Define the Hessian of a differentiable function $F \colon M \to \mathbb{R}$ where $M$ is a Riemannian manifold by $$(\nabla^2 F)(X,Y) = X(Y(F)) - (\nabla_X Y)(F)$$ where $\nabla$ is the connection on $M$.
If $(U, \varphi = (x^1, \dots , x^n)$ is a system of local coordinates in a neighborhood $U$ of $M$, denoting $\nabla^2 F = F_{ij}dx^i dx^j$, how are the components $F_{ij}$ relate to the function $F$ and the Christoffer symbols $\Gamma_{ij}^k$ of the connection?

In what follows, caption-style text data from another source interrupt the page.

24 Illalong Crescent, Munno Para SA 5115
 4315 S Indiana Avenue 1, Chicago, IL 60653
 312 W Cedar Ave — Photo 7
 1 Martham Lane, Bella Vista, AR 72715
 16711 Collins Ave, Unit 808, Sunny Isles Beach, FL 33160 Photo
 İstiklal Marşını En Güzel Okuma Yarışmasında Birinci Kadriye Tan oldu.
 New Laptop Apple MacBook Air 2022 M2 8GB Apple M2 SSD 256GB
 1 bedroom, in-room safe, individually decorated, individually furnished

If we denote $X = X^i \frac{\partial}{\partial x^i}$ and $Y = Y^j \frac{\partial}{\partial x^j}$, then $$Y(F) = Y^j \frac{\partial F}{\partial x^j}$$ so $$X(Y(F)) = X^i \frac{\partial Y^j}{\partial x^i}\frac{\partial F^2}{\partial x^i \partial x^j}$$ or that's what I think. However, I'm not sure how the expression $(\nabla_X Y)(F)$ translates into local coordinates. Some help would be appreciated. Thank you.